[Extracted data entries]

☆ ☆ ☆ ☆ ☆ ☆ ☆

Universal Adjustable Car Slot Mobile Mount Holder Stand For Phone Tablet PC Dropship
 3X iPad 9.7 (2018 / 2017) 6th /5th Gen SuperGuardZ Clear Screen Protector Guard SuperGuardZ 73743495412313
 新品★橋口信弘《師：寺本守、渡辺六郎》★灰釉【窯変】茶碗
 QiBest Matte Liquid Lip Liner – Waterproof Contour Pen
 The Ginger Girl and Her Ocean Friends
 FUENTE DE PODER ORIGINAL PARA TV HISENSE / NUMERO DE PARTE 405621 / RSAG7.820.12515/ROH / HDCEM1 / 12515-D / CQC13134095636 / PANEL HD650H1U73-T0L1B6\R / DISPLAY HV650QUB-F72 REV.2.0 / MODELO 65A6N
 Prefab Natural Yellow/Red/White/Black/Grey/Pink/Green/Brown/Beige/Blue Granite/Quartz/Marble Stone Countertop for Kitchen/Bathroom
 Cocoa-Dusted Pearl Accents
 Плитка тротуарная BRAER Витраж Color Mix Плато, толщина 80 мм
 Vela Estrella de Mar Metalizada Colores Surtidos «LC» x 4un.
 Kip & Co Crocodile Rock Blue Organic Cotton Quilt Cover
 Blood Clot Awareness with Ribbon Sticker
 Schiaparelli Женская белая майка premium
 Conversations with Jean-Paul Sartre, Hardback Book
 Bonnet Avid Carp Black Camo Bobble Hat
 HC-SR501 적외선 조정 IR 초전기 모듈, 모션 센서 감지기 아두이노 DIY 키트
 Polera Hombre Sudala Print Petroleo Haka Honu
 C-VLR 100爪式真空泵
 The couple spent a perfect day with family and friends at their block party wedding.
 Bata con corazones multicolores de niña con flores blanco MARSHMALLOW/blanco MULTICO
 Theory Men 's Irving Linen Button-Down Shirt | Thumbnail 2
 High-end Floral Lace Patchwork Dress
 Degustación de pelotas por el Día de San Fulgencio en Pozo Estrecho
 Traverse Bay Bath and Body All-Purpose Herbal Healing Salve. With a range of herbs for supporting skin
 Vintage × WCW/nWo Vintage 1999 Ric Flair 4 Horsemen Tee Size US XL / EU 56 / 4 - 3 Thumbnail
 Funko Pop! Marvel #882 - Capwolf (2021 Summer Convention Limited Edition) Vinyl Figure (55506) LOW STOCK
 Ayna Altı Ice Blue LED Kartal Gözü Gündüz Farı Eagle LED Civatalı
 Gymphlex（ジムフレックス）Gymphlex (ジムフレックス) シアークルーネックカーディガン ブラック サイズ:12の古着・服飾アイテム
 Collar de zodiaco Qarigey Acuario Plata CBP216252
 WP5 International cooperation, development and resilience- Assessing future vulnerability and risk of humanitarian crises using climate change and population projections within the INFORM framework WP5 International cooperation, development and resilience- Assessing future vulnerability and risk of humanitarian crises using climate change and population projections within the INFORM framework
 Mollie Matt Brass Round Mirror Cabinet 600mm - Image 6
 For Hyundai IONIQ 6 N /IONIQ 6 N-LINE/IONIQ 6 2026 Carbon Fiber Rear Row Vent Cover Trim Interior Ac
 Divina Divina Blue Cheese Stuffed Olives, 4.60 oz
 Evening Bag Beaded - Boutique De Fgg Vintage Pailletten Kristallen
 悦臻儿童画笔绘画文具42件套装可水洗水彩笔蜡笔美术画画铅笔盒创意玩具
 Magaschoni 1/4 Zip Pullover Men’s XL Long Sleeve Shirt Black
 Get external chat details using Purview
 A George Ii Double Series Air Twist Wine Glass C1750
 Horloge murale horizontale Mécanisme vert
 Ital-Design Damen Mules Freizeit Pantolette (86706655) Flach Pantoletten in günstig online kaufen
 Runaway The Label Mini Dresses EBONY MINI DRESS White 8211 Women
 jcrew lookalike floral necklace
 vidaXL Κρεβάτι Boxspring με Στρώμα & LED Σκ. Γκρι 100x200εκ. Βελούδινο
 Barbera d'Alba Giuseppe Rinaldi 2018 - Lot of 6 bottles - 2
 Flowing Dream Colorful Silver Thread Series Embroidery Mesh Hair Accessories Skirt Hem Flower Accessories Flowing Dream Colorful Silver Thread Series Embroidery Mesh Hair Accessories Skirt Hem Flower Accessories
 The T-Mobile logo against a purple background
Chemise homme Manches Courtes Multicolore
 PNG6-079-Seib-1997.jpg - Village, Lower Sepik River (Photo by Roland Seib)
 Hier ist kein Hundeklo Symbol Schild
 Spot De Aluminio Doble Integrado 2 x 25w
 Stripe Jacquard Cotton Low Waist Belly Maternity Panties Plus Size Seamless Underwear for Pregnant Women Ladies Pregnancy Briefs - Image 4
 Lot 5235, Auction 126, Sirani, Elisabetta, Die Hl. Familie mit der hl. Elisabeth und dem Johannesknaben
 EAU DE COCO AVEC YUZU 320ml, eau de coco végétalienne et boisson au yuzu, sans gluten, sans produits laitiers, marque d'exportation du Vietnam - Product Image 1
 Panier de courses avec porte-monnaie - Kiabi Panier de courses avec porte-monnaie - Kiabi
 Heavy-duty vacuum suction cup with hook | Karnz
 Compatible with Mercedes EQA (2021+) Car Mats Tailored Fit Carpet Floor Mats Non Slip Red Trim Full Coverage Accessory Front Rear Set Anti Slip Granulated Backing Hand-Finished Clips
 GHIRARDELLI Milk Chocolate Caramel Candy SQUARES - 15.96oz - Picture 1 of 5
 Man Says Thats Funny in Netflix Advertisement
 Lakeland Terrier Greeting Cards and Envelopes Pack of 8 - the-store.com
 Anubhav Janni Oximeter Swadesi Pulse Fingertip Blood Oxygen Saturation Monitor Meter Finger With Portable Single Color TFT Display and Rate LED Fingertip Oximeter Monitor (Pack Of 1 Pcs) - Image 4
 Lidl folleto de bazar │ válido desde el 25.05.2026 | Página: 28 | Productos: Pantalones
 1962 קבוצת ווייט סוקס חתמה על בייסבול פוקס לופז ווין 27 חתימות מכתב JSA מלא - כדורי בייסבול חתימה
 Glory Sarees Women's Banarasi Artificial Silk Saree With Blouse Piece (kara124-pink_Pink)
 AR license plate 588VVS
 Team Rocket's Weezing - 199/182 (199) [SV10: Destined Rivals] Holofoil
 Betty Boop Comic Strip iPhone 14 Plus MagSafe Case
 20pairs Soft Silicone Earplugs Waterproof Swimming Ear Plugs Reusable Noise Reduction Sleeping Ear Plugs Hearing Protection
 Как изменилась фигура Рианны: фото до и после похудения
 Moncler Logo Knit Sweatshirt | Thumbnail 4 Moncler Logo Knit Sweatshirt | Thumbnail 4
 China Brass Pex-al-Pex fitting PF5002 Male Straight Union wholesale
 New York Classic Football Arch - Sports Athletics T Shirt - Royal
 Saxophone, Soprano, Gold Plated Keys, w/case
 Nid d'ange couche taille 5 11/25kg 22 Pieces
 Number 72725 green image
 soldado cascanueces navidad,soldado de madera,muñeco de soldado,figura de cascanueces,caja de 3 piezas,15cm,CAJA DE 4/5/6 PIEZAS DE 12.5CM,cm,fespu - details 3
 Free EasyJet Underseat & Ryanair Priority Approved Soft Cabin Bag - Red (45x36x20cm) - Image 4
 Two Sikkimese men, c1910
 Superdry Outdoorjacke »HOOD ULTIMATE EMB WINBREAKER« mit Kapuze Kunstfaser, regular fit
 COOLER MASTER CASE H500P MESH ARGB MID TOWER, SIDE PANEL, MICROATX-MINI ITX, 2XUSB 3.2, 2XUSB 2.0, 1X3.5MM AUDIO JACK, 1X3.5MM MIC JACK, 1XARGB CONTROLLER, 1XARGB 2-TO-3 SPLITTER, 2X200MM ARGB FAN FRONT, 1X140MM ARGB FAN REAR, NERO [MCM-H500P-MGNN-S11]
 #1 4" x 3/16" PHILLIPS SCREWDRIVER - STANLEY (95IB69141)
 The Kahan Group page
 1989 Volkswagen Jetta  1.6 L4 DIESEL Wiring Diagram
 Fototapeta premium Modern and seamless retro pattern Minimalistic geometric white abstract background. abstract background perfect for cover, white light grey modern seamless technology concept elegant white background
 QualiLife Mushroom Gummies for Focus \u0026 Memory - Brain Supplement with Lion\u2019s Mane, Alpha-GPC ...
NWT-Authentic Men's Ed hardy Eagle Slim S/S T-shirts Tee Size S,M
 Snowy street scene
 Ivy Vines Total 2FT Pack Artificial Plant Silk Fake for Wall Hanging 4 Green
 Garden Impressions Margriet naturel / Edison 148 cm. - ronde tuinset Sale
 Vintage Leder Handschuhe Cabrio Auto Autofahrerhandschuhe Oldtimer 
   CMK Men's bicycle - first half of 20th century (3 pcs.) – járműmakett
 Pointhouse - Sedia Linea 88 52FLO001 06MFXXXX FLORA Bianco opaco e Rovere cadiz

☆ ☆ ☆ ☆ ☆ ☆ ☆

Counting only lines with the word "Plus" in them, say how many there are in the entries above, with no other words.

■ REPLY ■
2